**WORK ITEM**.
Since pictures are not wanted in the copy, output only the rest of each record exactly.

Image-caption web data
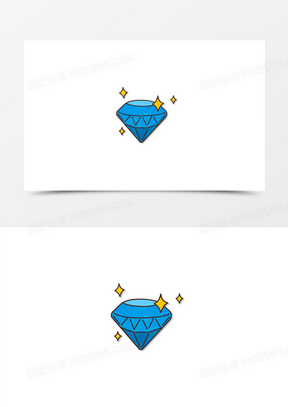 卡通钻石图片素材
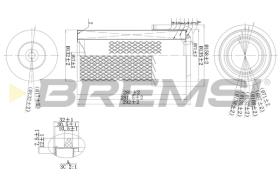 BREMSI FA1669 - FILTRI ARIA - AIR FILTER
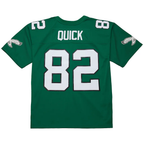 Choea P.Eagles #82 Mike Quick Mitchell & Ness Kelly Green Legacy Replica Jersey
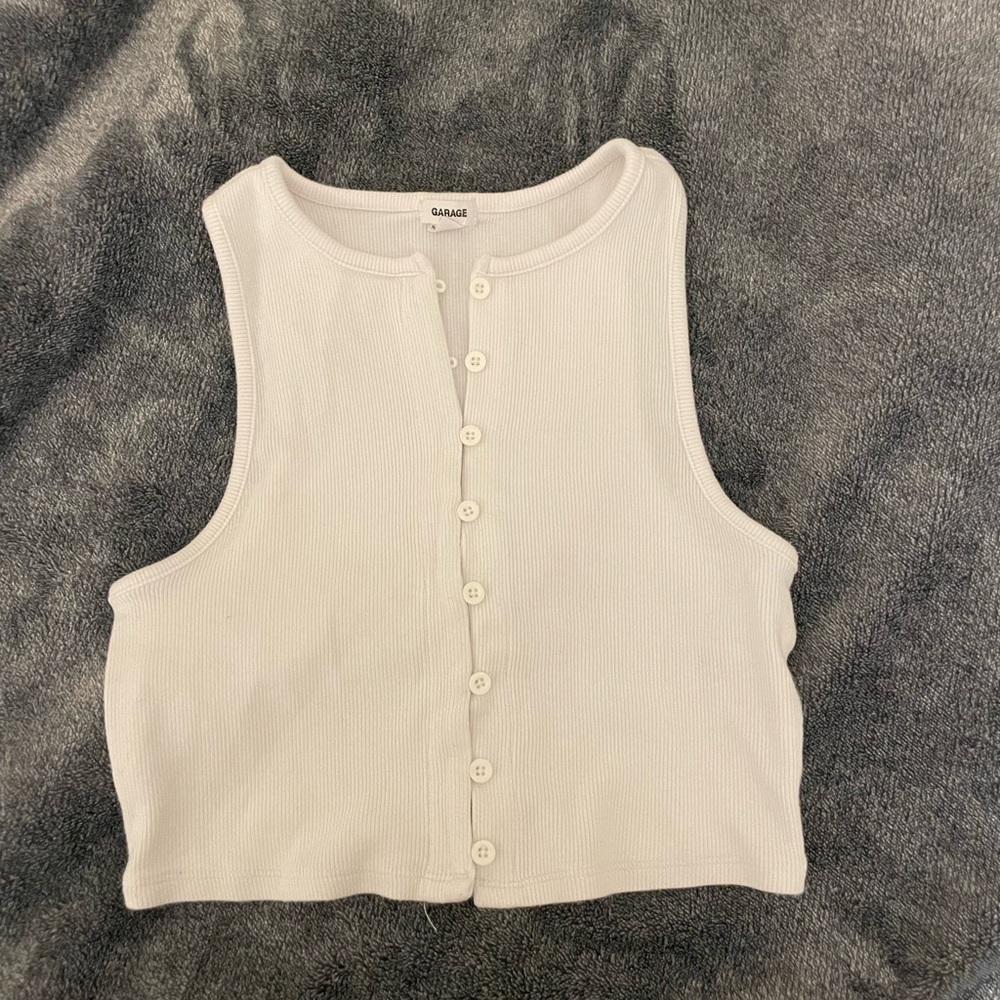 Garage Button Down Tank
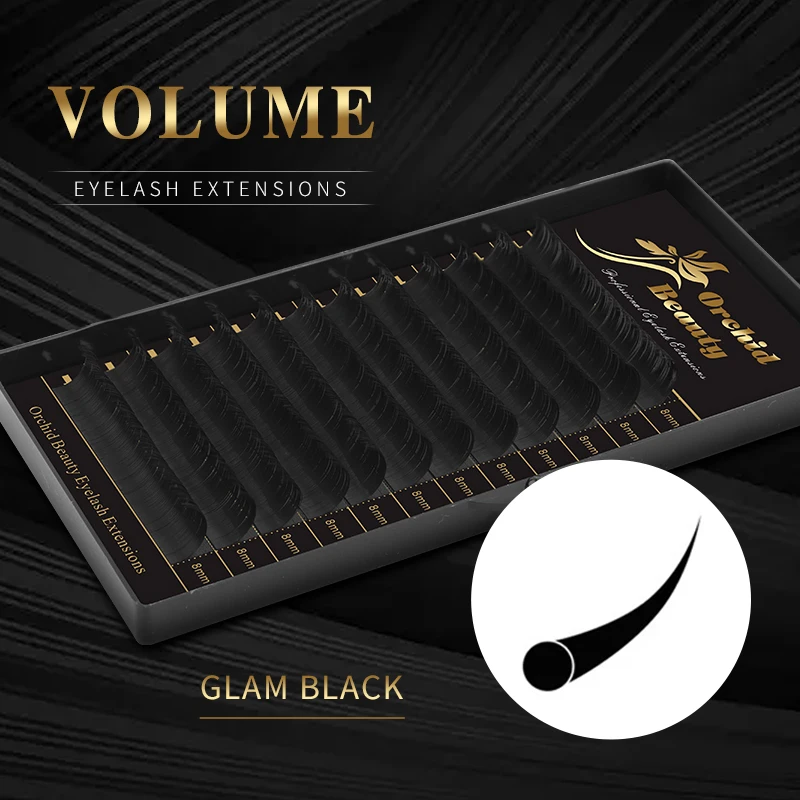 

Orchid Beauty Individual Eyelash Extension C/CC/D Faux Mink Cilias Soft Eye Lash Extension 3D Russian Volume Lashes Makeup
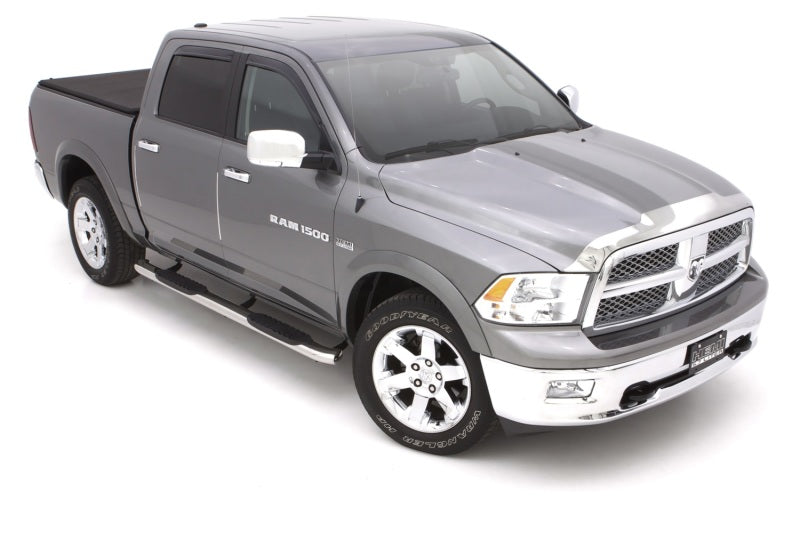 Lund 10-17 Dodge Ram 2500 Crew Cab 5in. Curved Oval SS Nerf Bars - Polished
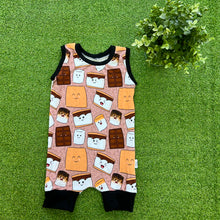 Load image into Gallery viewer, Ready to Ship Emmett Shorts Length T-Shirt Romper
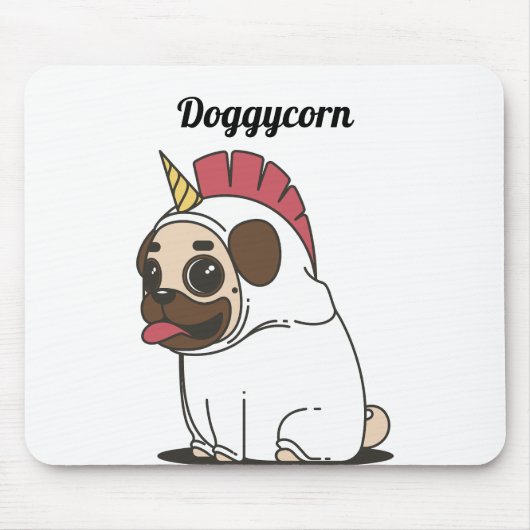 Grappige Eenhoorn - Doggycorn Muismat (Voorkant)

**EXERCISE ANSWER**.
 卡通钻石图片素材
 BREMSI FA1669 - FILTRI ARIA - AIR FILTER
 Choea P.Eagles #82 Mike Quick Mitchell & Ness Kelly Green Legacy Replica Jersey
 Garage Button Down Tank

Orchid Beauty Individual Eyelash Extension C/CC/D Faux Mink Cilias Soft Eye Lash Extension 3D Russian Volume Lashes Makeup
 Lund 10-17 Dodge Ram 2500 Crew Cab 5in. Curved Oval SS Nerf Bars - Polished
 Load image into Gallery viewer, Ready to Ship Emmett Shorts Length T-Shirt Romper
 Grappige Eenhoorn - Doggycorn Muismat (Voorkant)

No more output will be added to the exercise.